宇多丸さんが2021年9月8日放送のTBSラジオ『アフター6ジャンクション』の中で1週間前の放送で話した関東大震災と朝鮮人虐殺に関するトークに対する、あるリスナーからのお便りを紹介していました。
(宇多丸)はい。ということで、ご紹介したかったメールというのは先週、9月1日水曜日。ちょうど世の中的には一応「防災の日」なんていう名前がついていましたけども。まあ、関東大震災があった日で。その日にデマや流言飛語、あるいは公的機関もそれに加担をするような形で当時、日本にいらっしゃった朝鮮人の方々や中国人の方々が日本人によって殺害をされたと。それは歴史の教科書などにも載っているような事実であり、今なお新たな証言などが編まれたようないろんな本も出ていて。言わば我々が当然のことながら、二度と繰り返してはならない……当たり前ですけどね。そんなことはね。
そう胸に刻んで……でも、自分自身というものにくさびを打つ意味で胸に刻むべき話ですよねっていうことを今年も話したわけです。毎年、話しているんですけども。で、それに関してメッセージをいただいていて。それをぜひ……メールをいただいたのはちょっと前だったんですけども。水曜日に話した話だったので、今日紹介しようと取っておいたので。ちょっとご紹介が遅くなってすいません。じゃあ、日比さん、お願いしていいですか?
(日比麻音子)はい。ご紹介します。ラジオネーム「薄毛のロン毛」さんからいただきました。「僕は今年の春から外国人留学生として日本の大学に通うことになった韓国人です。コロナの影響でまだ入国ができず、韓国にいます。
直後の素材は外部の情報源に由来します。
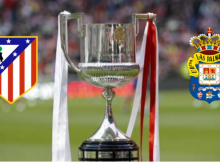 Atl. Madrid vs Las Palmas - Meciul zilei analizat de SuperPontino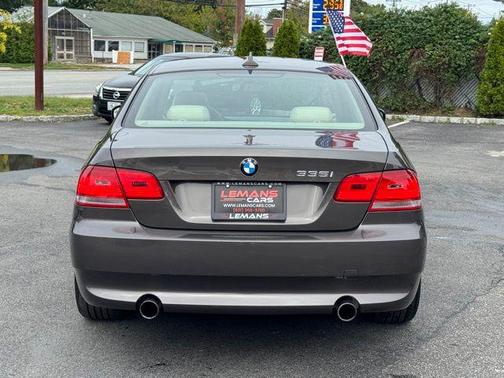 2010 BMW 335 xDrive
昨日、知り合いにおすすめされて水曜日のアトロクのオープニングを聞いて、昔、おじいちゃんから聞いたひいおじいちゃんの話を思い出しました。僕のひいおじいちゃんは1923年の震災の日、ちょうど僕と同い年の18歳で東京の大学に通う朝鮮人でした。
はじめての一人暮らしで震災に遭い、パニックになっていたひいおじいちゃんのところに武器を持った自警団の人たちが来て、朝鮮人かどうかを確認されたそうです。ひいおじいちゃんは日本統治時代以前に生まれた人で、母語が日本語ではなかったので日本語がなまっており、たどたどしい日本語で答えたらすぐに殺されてしまうかもしれないという危険な状況でした。そんな状況でひいおじいちゃんが取った行動は耳の聞こえない日本人のふりをすることでした。
耳の聞こえないふりをして、とりあえず朝鮮人ではなさそうだということでひいおじいちゃんは生きのびることができ、僕が生まれることができました。当時のひいおじいちゃんと同い年で、同じく日本の大学に通っている僕がもし、同じような状況に置かれたら……と思うとぞっとします。『証拠がないから嘘だ』と言われればそれまでの話だし、タイミング的に来年まで待って送ろうかとも思ったのですが、日本が大好きだからこそ、大好きな日本の皆さんに早く、この話を伝えたかったので送りました」ということです。
韓国人留学生リスナーの曽祖父の話
(宇多丸)ねえ。いやいや、これは立派な生々しい証言ですよね。ひいおじいさんのね。しかも、薄毛のロン毛さんがまさに同じ年、同じ立場として日本に来られる中で……でさ、なんていうか、ちょっとでも彼が不安を感じるというか。かつて、そういうことがあった国で……でも、日本が大好きで来ているって言ってくれている人をですよ、そんな気持ちにさせるというか。そもそも、そのひいおじいさんがされた体験が恐ろしいことそのものだし。恥ずべきことだけど。
だから、これを聞いて「そんな日本であってほしくない」って思う気持ちは共通しているはずだと思うんですよね。それは、どんな立場であろうとも。なので、今年も結局、小池百合子都知事は犠牲者に対する追悼文を送らないということをされていましたけども。だから、そういう為政者に対しても、もう小池さんに「変われ」っていうのはムダな話かもしれないから。そういう為政者のあり方みたいなものも、それを選択しているのは我々なんでね。
(日比麻音子)そうですね。
結果的にその為政者を選択しているのは「我々」
(宇多丸)それこそ、LGBTQにまつわる自民党の話とか、いろんな話を要所要所でしていますけども。こういうこと1個1個を……そういう人たちを選んでいる、というか、結果的に選んだことになってしまっている……俺は選んでないけども。でも、そんな結果になってしまっているのも我々だということも、うん。考えながら。それが我々の社会を形成しているんだから。すいません。また重たい話をして。俺もさ、「コートを着たい」とかそういう話をしたいけどさ。でも、その前にやっぱり大事な話なんでね。メール、ありがとうございました。
(日比麻音子)本当に、メールを送っていただいてありがとうございました。